BBC Inverness debate on the Lord's Day
22 April 2011
The BBC has chosen to use the Lord’s Day for its political debates in the run up to the Scottish Parliamentary Election.
The BBC invitation to join the 1000-strong audience at the Scottish Leaders debate and at the Inverness debate is rather selective. There will be many Christians who will not attend these meeting who would have liked to take up the invitations.
This is another nudge in the direction of political processes and voting on the Lord’s Day, which already takes place on Continental Europe.
It is passing strange that when there is a Leaders Debate further south, that the BBC did not use the opportunity to invite to the Inverness debate the Leader of the Scottish Christian Party who is contesting the Inverness and Nairn Constituency.
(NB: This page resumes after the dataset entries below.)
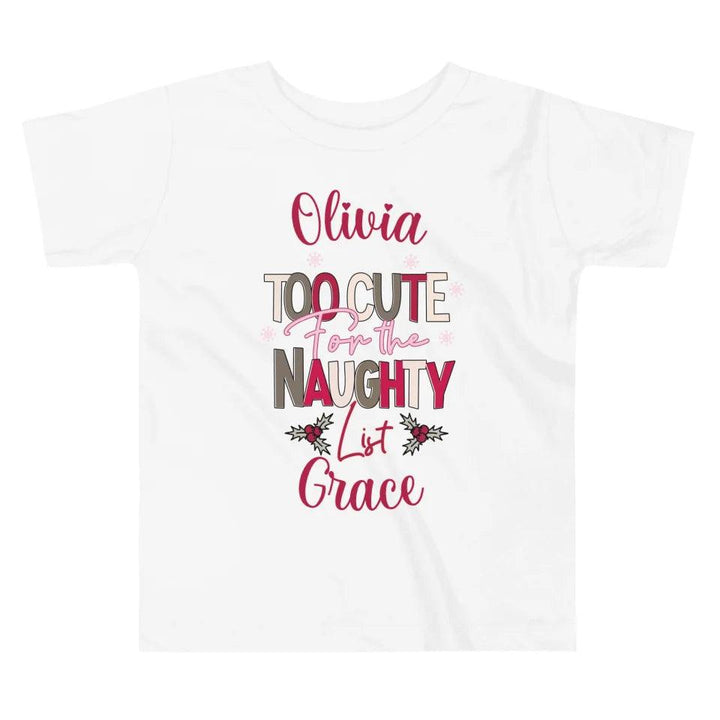 Custom Baby Christmas Quotes T-Shirt - ART-TSH171 - ARTFULANE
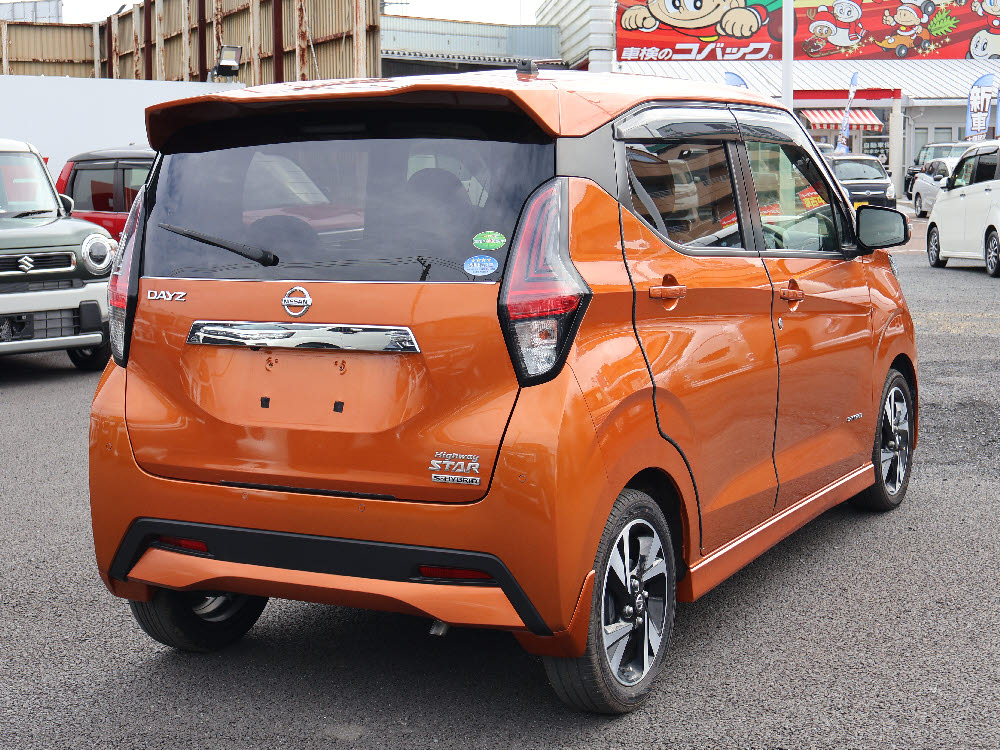 ニッサン デイズ ハイウェイスター X プロパイロットED 9インチナビ3枚目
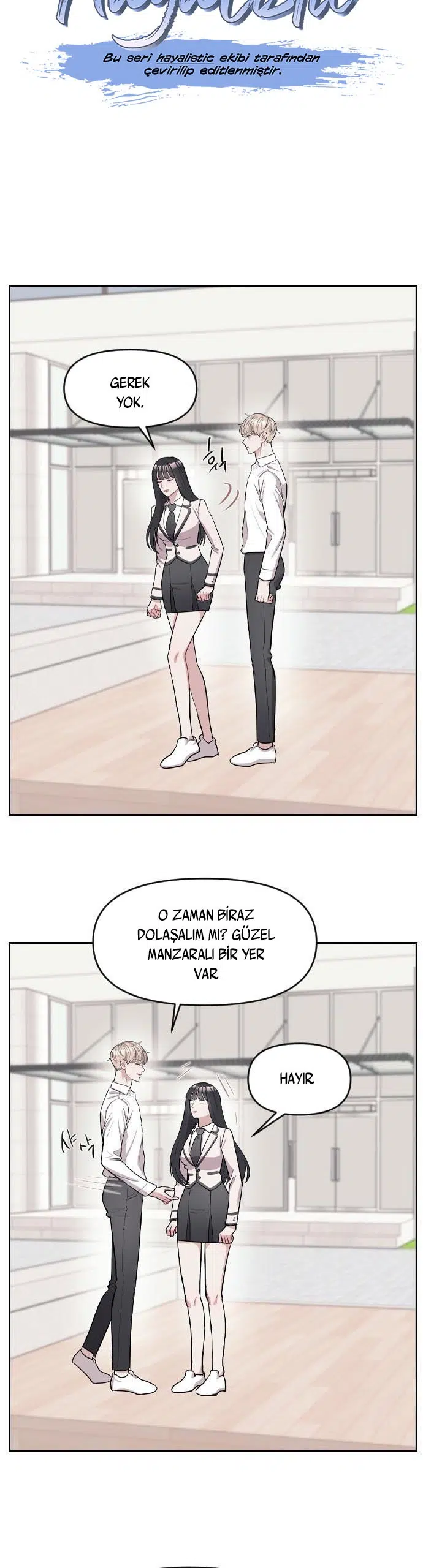 Chaebol Lisesine Sızma! - Bölüm 2 Sayfa 14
Lest one thinks that this invitation was not tendered because it is the Lord’s Day, this is not so. These debates have been confined to the four main parties. Some years ago the SNP complained that they were not getting a fair amount of media coverage - and soon after this, the public gave them the opportunity to form the next adminstration in Scotland. It seems that the media got their emphasis wrong and could not read the public mood. The Sun opposed the SNP in 2007, but they have changed their tune in 2011.
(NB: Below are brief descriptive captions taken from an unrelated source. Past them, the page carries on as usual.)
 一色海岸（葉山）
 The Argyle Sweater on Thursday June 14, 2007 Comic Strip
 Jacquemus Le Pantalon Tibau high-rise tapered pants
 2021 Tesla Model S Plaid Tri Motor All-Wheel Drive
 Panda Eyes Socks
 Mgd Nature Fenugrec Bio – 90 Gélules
The media and politicians need each other, and feed off each other. So if the media starve legitimate parties of the oxygen of publicity, then each suffers. Just as bankers had no discernment to know to whom to lend money, it looks as if the BBC has no discernment to give local discretion to their staff to deviate from their one-rule-fits-all policy. In the 2007 election the media backed the CPA and the Senior Citizens Unity Party over the SCP. The media’s lack of judgment was shown by the result - the SCP left both of these competitors behind.
Media policy is discriminatory against smaller parties
A similar thing happened in the General Election in May 2010. The BBC’s policy for its hustings in Inverness was to have only the four main parties. When the Scottish Christian Party asked for a ticket to be in the audience, this was denied to them on the principle that political activists could not be in the audience. So the Scottish Christian Party could be neither on the platform nor in the audience. Any member of the public could be present to quiz the main parties except members of smaller political parties. It is possible that this could be challenged as a denial of one’s human rights to attend a meeting to quiz political candidates. So much for the political process.
So the Scottish Christian Party turned to local radio to see if its voice could be heard here. There was no success here either. Moray Firth Radio responded that if it gave an interview to the SCP candidate, it would have to do so to all the candidates, and it claimed not to have the resources to do so. So Moray Firth Radio did not have the resources to invite nine candidates into its studio for a short interview.
This shows the difficulty of small parties challenging incumbent politicians and the main parites.
The media and some of the public wish to deny the oxygen of publicity to some minor parties, and this was highlighted by the debate around the appearance of Nick Griffin, the Leader of the BNP, on BBC’s Question Time. Some people have expressed the view that the AV voting system is to prevent minor parties such as the BNP from gaining electoral success.
This voluntary censorship and manipulation points to uncertainty and insecurity among the political and media establishment. Such a broad-brush policy denies local discretion, and suggests lack of confidence in the discernment of local editorial staff.